La gauche d’aujourd’hui fait le procès de celle d’hier, ce qui sert la droite. Nous sommes horrifiés par les abus de Weinstein et compagnie, purs produits des décennies 1960 et 1970, mais une période éclatée s’y abîme, éclaboussée par des prédateurs ayant surfé sur sa vague. Matzneff était de droite tout en profitant de la tolérance des intellectuels de gauche durant les années libertaires, lesquelles furent par ailleurs un tremplin de modernité. Au fait, toutes les époques passées ont protégé les puissants agresseurs, le clergé en sait quelque chose. À telle enseigne, où arrêter le train des œuvres prohibées ?

Dans Fahrenheit 451 de François Truffaut, adapté de la dystopie de Ray Bradbury publiée en 1953, les livres, jugés antisociaux, étaient brûlés, mais des esprits récalcitrants les apprenaient par cœur, par devoir de mémoire. Cette œuvre apocalyptique, inspirée aussi du maccarthysme américain, rappelait le danger des interdits institutionnels.

Le courant actuel dépasse le rayon littéraire. Pas vu au Québec, Un jour de pluie à New York de Woody Allen. Les distributeurs américains avaient refusé de l’acheter depuis sa disgrâce, et les nôtres ont suivi. Même topo pour J’accuse de Roman Polanski, qui devrait passer au-dessus de nos têtes. Quoi qu’on pense des hommes derrière les créateurs, reste ce droit d’évaluer (ou pas) par nous-mêmes la valeur des œuvres en question. Une marge de liberté s’amenuise ainsi au vent du jour.

2 commentaires
  • Jean-Marc Cormier - Abonné 18 janvier 2020 09 h 16

    Merci

    Merci pour ce texte appelant une véritable rélexion sur une question d'une très grande importance.

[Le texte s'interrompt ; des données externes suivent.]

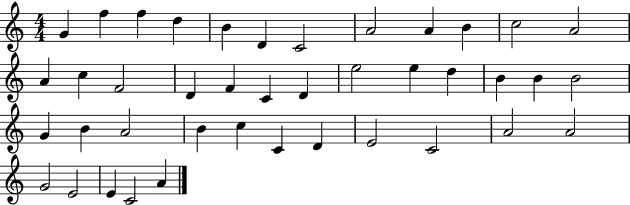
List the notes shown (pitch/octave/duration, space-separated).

G4/q F5/q F5/q D5/q B4/q D4/q C4/h A4/h A4/q B4/q C5/h A4/h A4/q C5/q F4/h D4/q F4/q C4/q D4/q E5/h E5/q D5/q B4/q B4/q B4/h G4/q B4/q A4/h B4/q C5/q C4/q D4/q E4/h C4/h A4/h A4/h G4/h E4/h E4/q C4/h A4/q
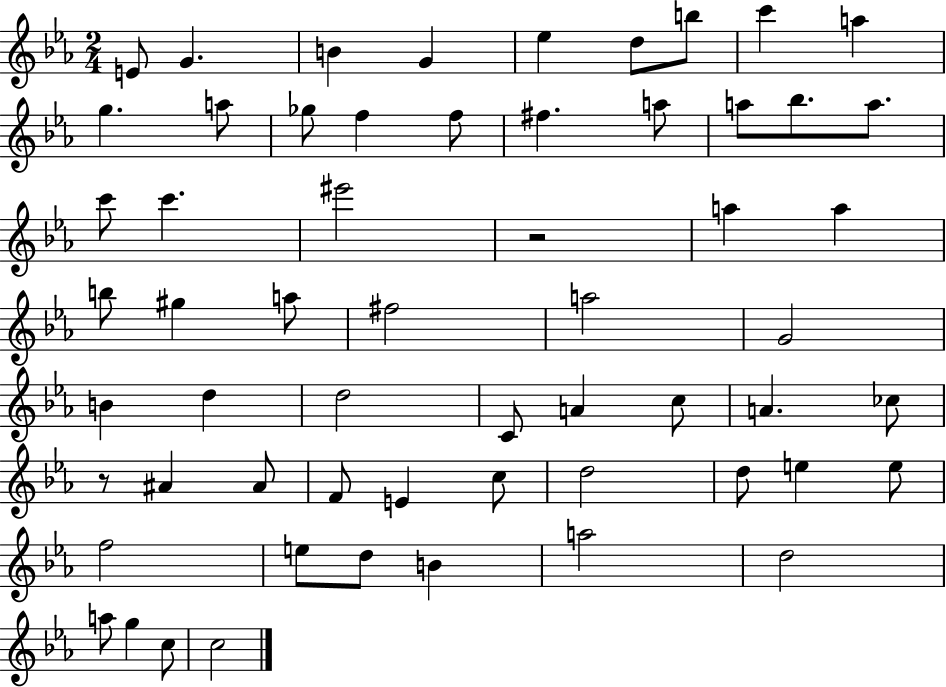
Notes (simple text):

E4/e G4/q. B4/q G4/q Eb5/q D5/e B5/e C6/q A5/q G5/q. A5/e Gb5/e F5/q F5/e F#5/q. A5/e A5/e Bb5/e. A5/e. C6/e C6/q. EIS6/h R/h A5/q A5/q B5/e G#5/q A5/e F#5/h A5/h G4/h B4/q D5/q D5/h C4/e A4/q C5/e A4/q. CES5/e R/e A#4/q A#4/e F4/e E4/q C5/e D5/h D5/e E5/q E5/e F5/h E5/e D5/e B4/q A5/h D5/h A5/e G5/q C5/e C5/h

  • Serge Lamarche - Abonné 19 janvier 2020 04 h 56

    Je suis d'accord

    Bonne analyse. Mais quand on y pense un peu, des écrits ne sont que des choses écrites à un moment donné. Ça ne prouve pas que les choses sont vraies, bonnes, mauvaises, ou même que l'auteur y croit. Un auteur peut très bien écrire des choses pour démontrer qu'elles sont à éviter. Ou encore plus simplement, pour les tester dans le grand public. Ou encore moins évidemment, pour tester le public.

    Si je reprends l'exemple des romans policiers. Les auteurs sont-ils des tueurs ou des encourageurs à tuer? Pourquoi ces histoires ne sont jamais à l'index? La bible elle-même est pleine d'histoires horribles et de meurtres horribles. L'Église ne la met pas à l'index.